Six soldiers in silhoutteI’ve been off of active duty for about 15 years, but I still get 6-8 email or phone contacts per year from someone recruiting veterans. Being broadly experienced both professionally and militarily — I was in the Navy, Army, and the Army National Guard — I’m always interested to see what has brought someone to my (electronic) door. Some of them must certainly be scams or such, but others come from legitimate — I check — companies that do have jobs posted that I might be interested in. Regardless, the discussion is always the same, where the recruiter identifies all of the wonderful things they are looking for from my veteran experience — sometimes targeting very specific technical or leadership experience in my history — but things end when they find out that I’ve done a lot and have become far more qualified and experienced over the years. Sometimes, I think, I can almost hear their heads pop when I start filling in the rest of the professional picture.

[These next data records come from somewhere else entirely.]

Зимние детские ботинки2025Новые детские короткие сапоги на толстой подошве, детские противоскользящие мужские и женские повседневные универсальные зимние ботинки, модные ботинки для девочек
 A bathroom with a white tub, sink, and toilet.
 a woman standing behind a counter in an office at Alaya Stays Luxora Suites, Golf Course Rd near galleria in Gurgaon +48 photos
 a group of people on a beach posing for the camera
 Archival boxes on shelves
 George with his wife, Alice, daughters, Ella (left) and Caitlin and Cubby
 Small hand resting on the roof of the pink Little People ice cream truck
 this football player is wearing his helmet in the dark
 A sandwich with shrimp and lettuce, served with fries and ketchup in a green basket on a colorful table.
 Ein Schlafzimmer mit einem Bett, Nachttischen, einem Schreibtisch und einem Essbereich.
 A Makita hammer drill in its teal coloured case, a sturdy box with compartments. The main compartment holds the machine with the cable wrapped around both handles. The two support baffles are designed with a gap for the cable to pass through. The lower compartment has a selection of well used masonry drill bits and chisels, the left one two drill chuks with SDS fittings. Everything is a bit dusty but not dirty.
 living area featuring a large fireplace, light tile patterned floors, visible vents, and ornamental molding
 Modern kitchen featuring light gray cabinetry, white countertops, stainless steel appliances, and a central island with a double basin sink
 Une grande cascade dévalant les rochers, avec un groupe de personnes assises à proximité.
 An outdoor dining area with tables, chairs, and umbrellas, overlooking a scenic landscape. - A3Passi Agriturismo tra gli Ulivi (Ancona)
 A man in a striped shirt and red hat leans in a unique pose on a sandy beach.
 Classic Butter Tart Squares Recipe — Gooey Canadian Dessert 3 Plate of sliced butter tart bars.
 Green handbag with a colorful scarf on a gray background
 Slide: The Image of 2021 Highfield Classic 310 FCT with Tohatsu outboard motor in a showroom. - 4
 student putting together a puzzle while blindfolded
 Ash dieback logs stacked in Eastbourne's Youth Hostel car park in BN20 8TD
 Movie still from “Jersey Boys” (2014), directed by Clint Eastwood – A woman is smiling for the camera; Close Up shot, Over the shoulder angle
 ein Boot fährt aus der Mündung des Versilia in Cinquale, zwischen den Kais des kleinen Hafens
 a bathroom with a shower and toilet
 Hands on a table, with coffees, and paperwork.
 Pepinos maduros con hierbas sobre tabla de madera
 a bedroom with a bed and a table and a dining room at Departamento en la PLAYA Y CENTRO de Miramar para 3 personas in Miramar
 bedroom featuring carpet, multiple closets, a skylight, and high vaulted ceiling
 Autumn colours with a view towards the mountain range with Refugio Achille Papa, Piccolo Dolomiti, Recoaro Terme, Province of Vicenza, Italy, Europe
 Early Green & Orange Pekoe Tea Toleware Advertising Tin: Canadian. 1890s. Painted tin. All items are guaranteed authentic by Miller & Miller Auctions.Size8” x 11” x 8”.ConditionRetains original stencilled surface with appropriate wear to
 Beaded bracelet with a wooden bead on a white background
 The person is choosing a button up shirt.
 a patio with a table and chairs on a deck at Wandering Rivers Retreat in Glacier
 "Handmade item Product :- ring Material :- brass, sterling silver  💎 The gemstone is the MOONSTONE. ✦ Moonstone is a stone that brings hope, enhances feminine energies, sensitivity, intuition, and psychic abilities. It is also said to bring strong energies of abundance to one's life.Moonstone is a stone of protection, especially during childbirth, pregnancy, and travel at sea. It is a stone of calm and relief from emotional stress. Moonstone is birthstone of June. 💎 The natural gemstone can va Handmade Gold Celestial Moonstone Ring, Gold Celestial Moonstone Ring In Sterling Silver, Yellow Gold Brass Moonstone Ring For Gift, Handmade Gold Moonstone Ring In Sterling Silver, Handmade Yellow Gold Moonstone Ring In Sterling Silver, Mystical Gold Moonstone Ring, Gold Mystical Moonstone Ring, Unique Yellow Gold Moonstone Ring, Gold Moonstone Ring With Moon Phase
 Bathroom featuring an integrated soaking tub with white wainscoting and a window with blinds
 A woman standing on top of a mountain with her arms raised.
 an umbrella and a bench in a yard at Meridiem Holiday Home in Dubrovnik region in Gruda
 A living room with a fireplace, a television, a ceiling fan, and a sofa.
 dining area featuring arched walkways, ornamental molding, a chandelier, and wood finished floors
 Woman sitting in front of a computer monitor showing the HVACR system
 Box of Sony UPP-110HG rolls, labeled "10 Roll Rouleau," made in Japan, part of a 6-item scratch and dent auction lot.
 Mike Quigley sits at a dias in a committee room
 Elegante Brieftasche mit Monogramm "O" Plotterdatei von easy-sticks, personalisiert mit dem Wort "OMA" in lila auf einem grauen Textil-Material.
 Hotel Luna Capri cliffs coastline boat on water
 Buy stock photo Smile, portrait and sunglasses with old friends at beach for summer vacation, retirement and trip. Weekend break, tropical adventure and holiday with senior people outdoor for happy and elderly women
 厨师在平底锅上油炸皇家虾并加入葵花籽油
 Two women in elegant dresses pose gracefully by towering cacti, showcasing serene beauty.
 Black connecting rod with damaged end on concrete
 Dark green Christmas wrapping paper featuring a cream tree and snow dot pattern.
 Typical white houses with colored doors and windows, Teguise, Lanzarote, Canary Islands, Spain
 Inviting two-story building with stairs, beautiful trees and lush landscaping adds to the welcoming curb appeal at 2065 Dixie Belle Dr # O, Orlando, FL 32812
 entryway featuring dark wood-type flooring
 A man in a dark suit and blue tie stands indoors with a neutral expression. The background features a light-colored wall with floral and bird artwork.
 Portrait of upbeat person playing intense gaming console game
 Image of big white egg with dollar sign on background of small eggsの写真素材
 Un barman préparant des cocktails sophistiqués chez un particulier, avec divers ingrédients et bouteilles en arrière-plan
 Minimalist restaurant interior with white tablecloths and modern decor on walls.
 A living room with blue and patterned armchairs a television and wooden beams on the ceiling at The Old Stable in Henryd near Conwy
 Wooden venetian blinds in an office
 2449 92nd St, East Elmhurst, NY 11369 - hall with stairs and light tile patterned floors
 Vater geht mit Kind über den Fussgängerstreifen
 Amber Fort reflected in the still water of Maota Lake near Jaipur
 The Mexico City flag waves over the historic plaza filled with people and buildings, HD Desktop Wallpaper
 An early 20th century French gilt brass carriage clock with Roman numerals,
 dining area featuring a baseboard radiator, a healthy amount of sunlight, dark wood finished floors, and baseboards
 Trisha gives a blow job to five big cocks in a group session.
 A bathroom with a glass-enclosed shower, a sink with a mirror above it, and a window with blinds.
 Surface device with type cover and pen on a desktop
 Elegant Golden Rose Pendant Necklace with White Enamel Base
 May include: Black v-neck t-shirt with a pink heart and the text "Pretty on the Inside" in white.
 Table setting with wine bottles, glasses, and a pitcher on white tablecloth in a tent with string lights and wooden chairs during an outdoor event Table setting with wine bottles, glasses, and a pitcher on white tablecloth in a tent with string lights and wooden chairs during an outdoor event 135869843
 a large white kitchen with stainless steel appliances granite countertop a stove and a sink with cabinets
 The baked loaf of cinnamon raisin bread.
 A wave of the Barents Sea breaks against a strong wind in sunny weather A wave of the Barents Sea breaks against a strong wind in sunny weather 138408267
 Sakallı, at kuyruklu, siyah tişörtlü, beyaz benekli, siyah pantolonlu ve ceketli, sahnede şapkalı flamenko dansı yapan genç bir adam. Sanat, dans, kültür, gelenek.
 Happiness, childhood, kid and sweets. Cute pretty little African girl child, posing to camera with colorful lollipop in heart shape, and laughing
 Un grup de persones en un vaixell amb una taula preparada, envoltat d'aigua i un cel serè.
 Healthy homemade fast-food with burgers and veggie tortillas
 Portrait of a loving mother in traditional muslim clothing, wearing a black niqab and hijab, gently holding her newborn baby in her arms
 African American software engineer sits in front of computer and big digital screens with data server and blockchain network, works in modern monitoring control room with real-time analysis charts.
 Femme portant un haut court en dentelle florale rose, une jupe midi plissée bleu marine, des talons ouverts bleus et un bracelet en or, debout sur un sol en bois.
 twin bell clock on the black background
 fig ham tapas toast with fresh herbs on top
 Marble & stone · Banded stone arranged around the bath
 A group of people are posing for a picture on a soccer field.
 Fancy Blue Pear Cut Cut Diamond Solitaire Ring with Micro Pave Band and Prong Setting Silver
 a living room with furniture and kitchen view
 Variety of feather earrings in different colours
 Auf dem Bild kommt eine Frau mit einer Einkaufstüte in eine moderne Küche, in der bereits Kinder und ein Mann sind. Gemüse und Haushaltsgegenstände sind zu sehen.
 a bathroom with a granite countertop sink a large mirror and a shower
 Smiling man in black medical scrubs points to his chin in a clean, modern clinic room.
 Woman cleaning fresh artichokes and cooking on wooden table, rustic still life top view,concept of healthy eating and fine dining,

It’s strange, really. The impression I get is generally that these recruiters are looking for people who got out of the military and haven’t done anything other than work as laborers or managers of a hotdog stands. Even when these conversations are are with people who tell me that they have looked at my LinkedIn profile, or who have a copy of my resume in front of them, I get the impression that it is beyond their ken that I might just have gone to college after the military and have done more than get some technical certifications over the last decade-and-a-half. Is that how blind people have become since 9/11, wherein we are in such a rush to hire veterans for the sake of hiring veterans that we’re only interested in those with nothing else but veteran status to work with?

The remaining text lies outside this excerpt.